Sports and his partners agreed to sell the nine restaurants to Barracks Row Entertainment Group LLC in December 2012 for $19.3 million. According to his complaint, which was filed in federal district court in October of 2013, Sport is alleging that the Defendants falsely represented the ownership of the company making the purchase and fraudulently inducing Sports into a sales contract where he accepted a $4.63 million promissory note as partial payment. Sports also agreed to personally guarantee $5 million in bank debt carried by the restaurants, as well as to continue to personally guaranty the nine commercial restaurant leases.
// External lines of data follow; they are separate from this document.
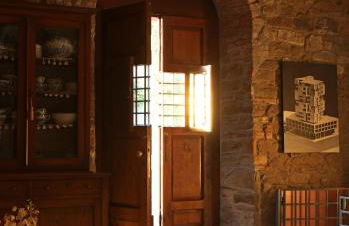 Madonna Del Poggio CAV - Apartments - Photo 28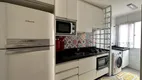 Foto 2 de Apartamento com 3 Quartos à venda, 65m² em Serraria, São José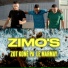 Zimo's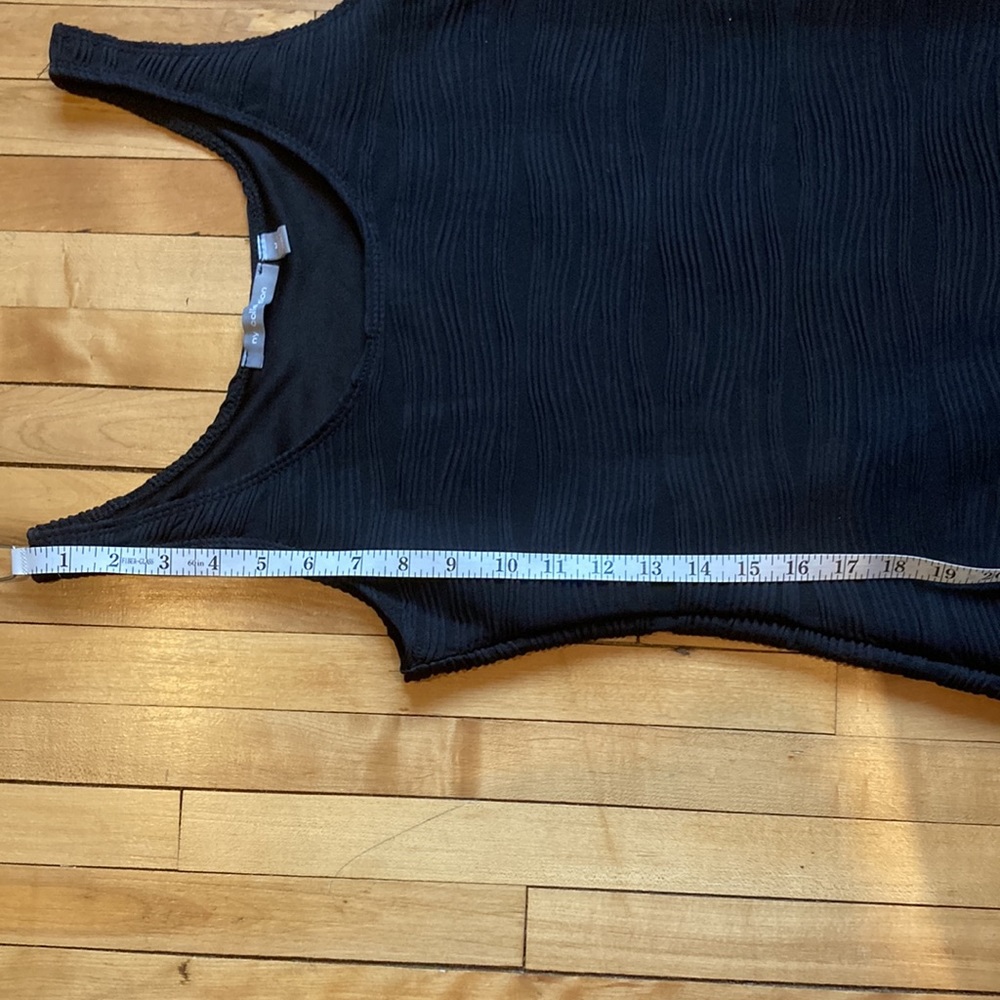 NY Collection Dress - Picture 10 of 11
The named Defendants are Richard Cervera, Michael Hoi-Mingh Cheung, William J. Nimmo, and Halpern, Denny & Co., a private equity and venture capital firm. See the filed complaint here – Case 114-cv-01783-JEB.
As with most contentious litigation, it will be some time before this case is resolved. It nonetheless serves to highlight important issues that both sellers and buyers should keep in mind when entering into a sales contract. Below we’ve provided a general overview of the due diligence restaurateurs and entrepreneurs should undertake in any sales transaction. The list is by no means exhaustive and we highly recommend that each party consult with an experience business attorney when entering into any complex legal agreement.
Business for Sale – A Seller’s Prospective
1. Type of Sale – Asset sale or Stock Sale?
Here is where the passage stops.